■ **PROBLEM DETAILS**
Each line from the one with "クロムハーツ FLRL CRS" through the end of the records below should be transcribed exactly, and each picture should be skipped.

Short web captions:
- - - -

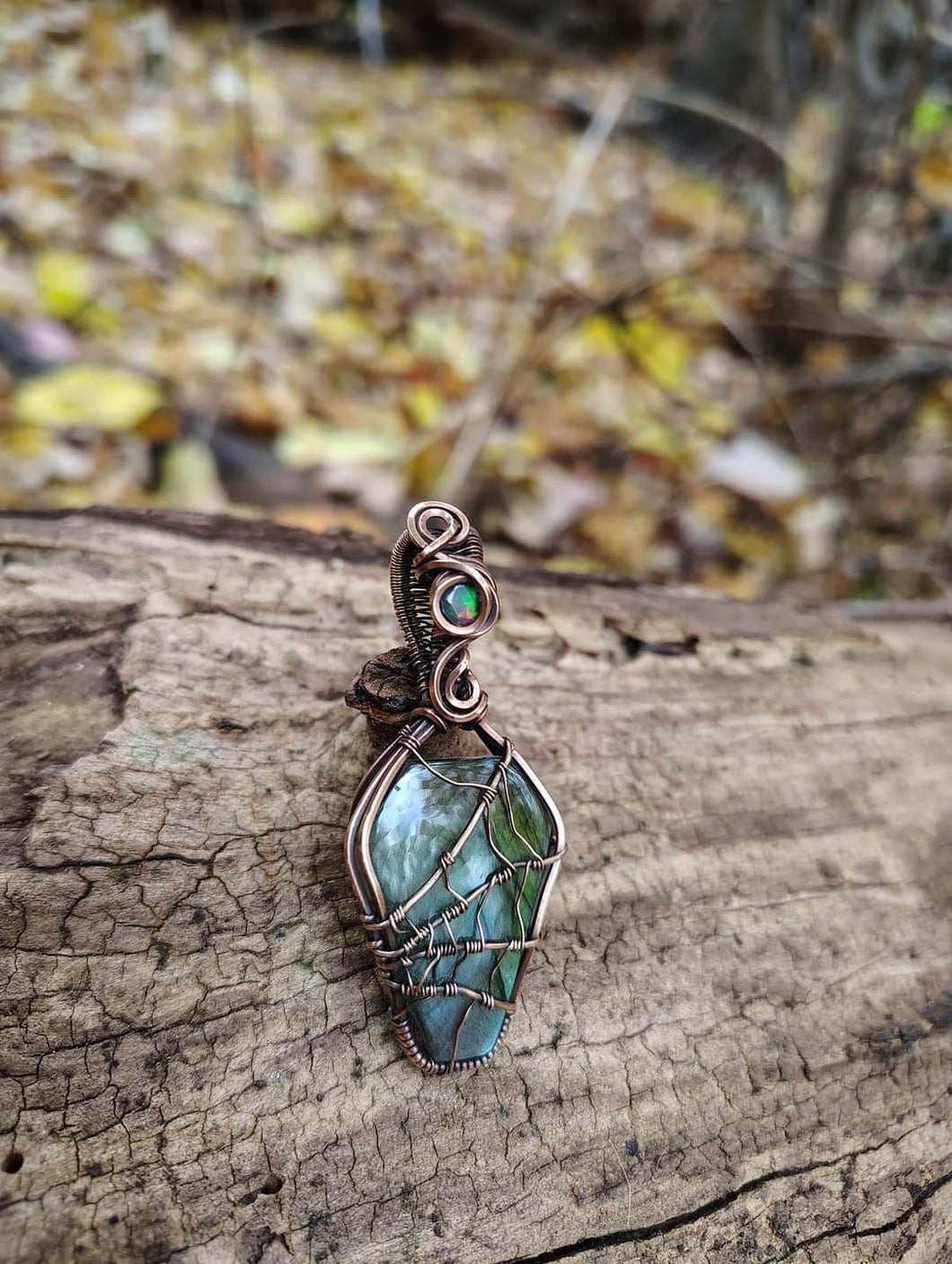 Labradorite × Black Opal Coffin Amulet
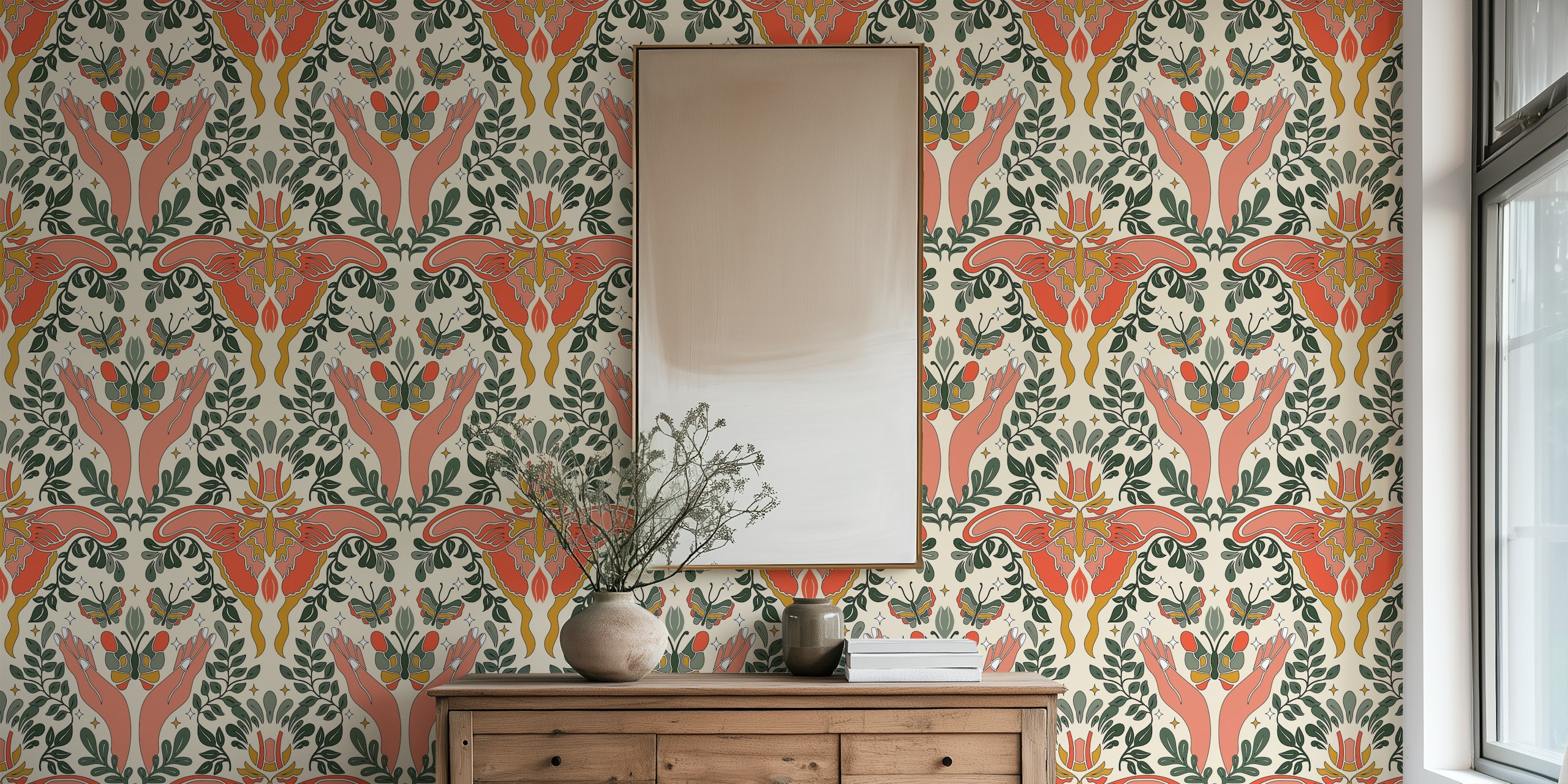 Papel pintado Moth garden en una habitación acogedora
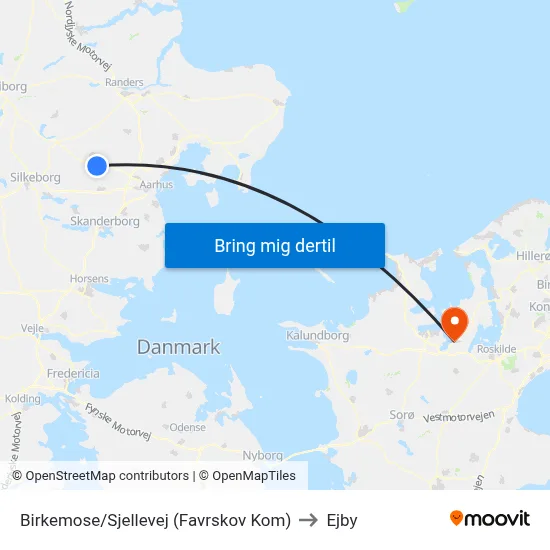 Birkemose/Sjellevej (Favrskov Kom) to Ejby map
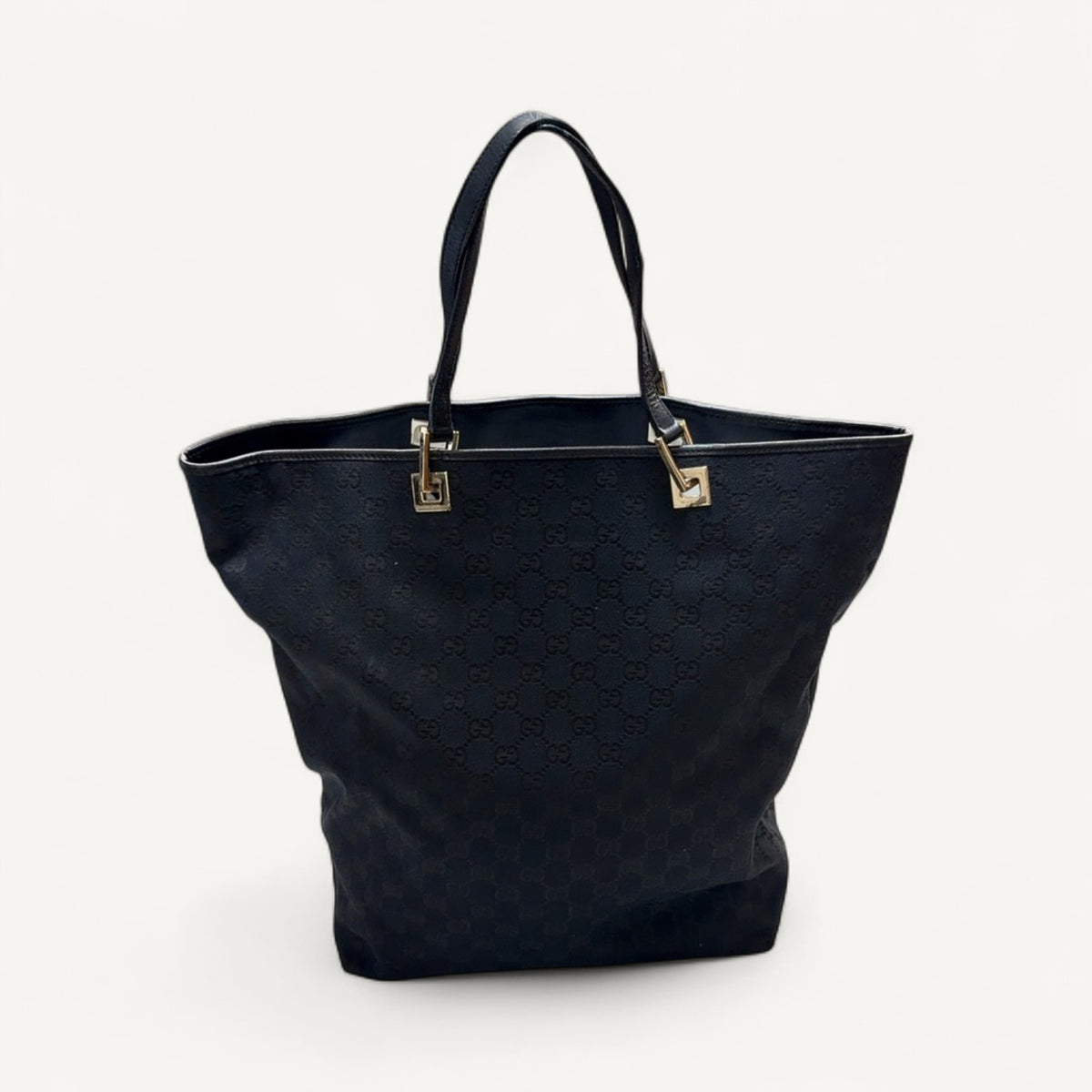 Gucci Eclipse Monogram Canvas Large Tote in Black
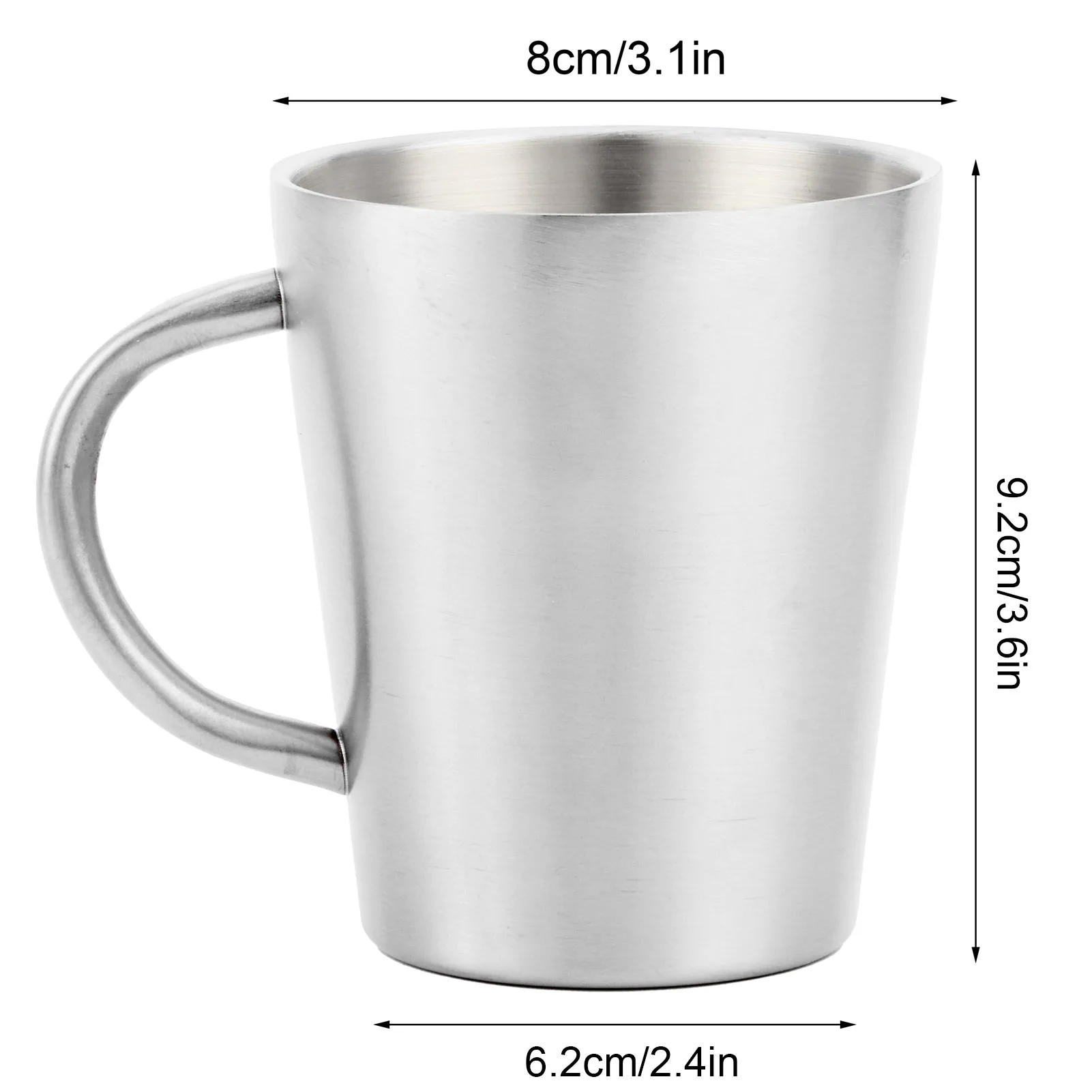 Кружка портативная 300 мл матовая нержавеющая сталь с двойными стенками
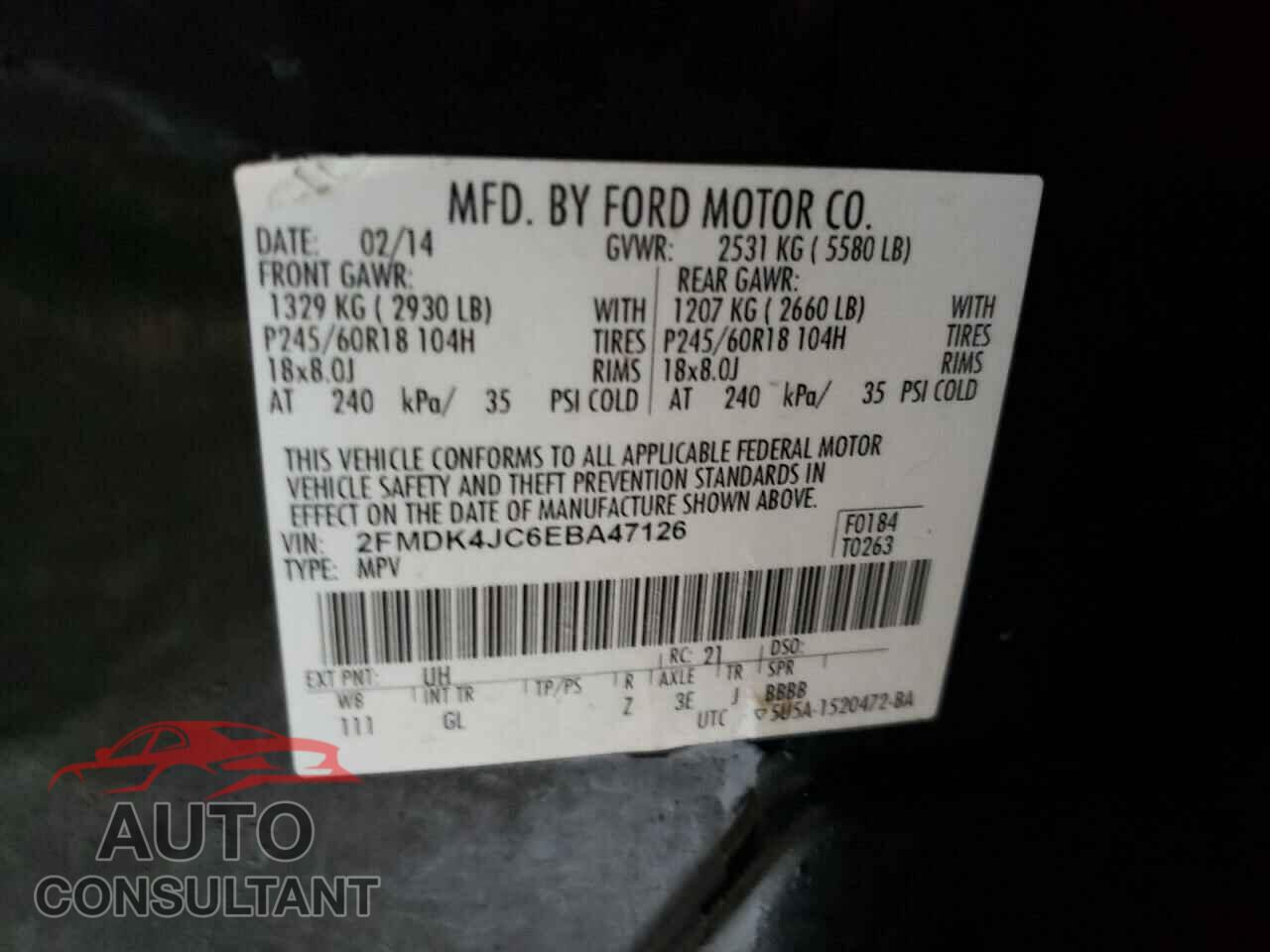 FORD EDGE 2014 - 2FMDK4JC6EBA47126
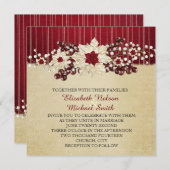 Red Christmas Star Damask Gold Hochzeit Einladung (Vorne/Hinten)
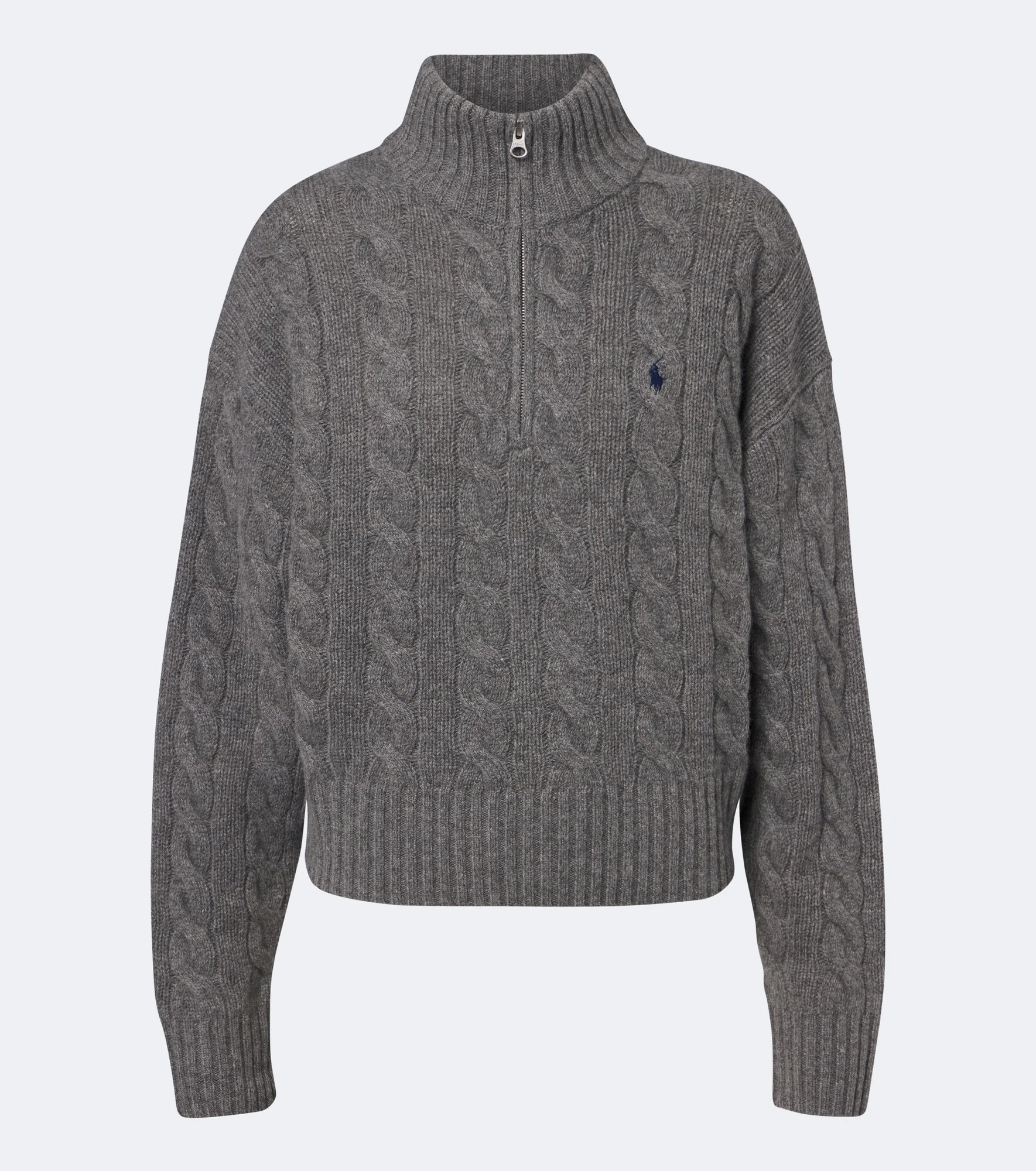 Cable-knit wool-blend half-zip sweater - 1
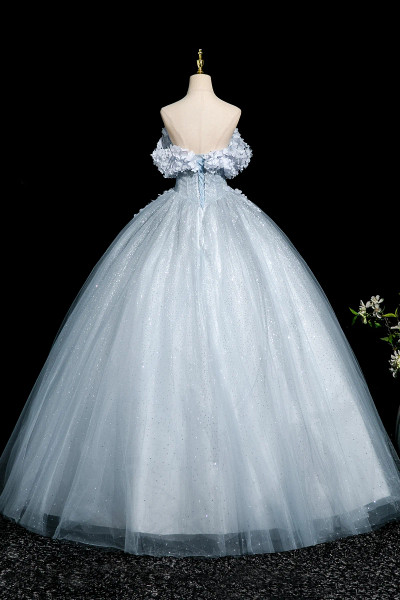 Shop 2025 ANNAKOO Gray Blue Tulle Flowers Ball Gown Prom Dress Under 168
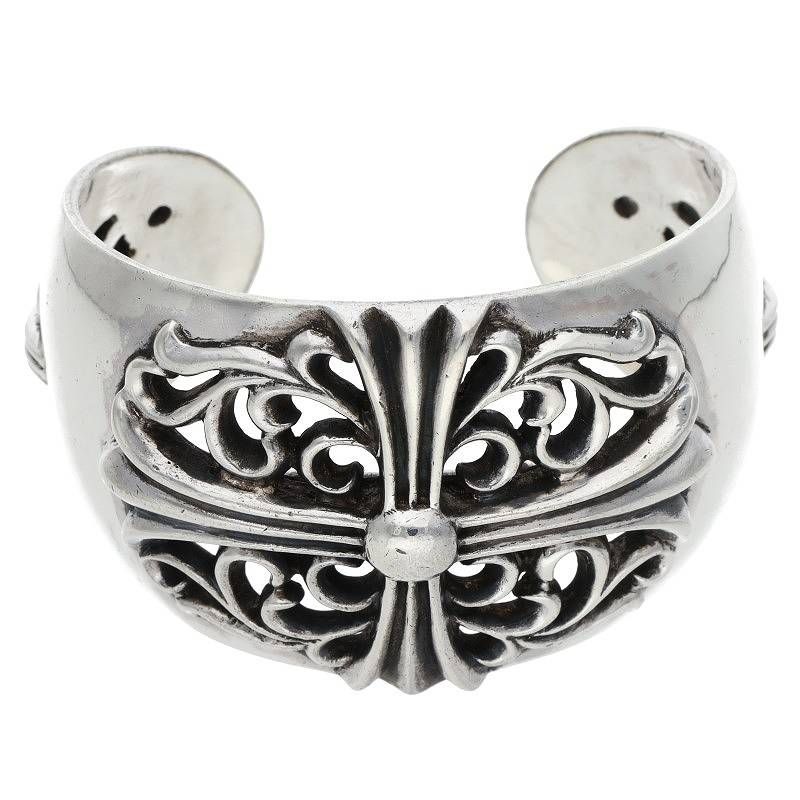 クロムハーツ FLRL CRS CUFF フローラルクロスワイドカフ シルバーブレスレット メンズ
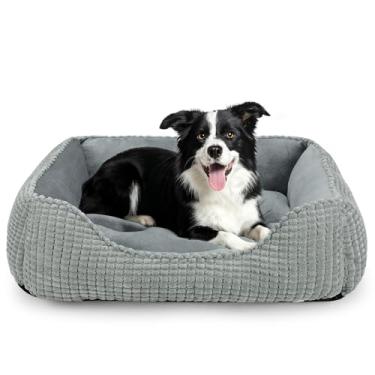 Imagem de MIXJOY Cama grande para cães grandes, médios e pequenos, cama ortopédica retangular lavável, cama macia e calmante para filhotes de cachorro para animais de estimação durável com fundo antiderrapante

- - - -

■ **PROBLEM SOLUTION**
 クロムハーツ FLRL CRS CUFF フローラルクロスワイドカフ シルバーブレスレット メンズ
 Imagem de MIXJOY Cama grande para cães grandes, médios e pequenos, cama ortopédica retangular lavável, cama macia e calmante para filhotes de cachorro para animais de estimação durável com fundo antiderrapante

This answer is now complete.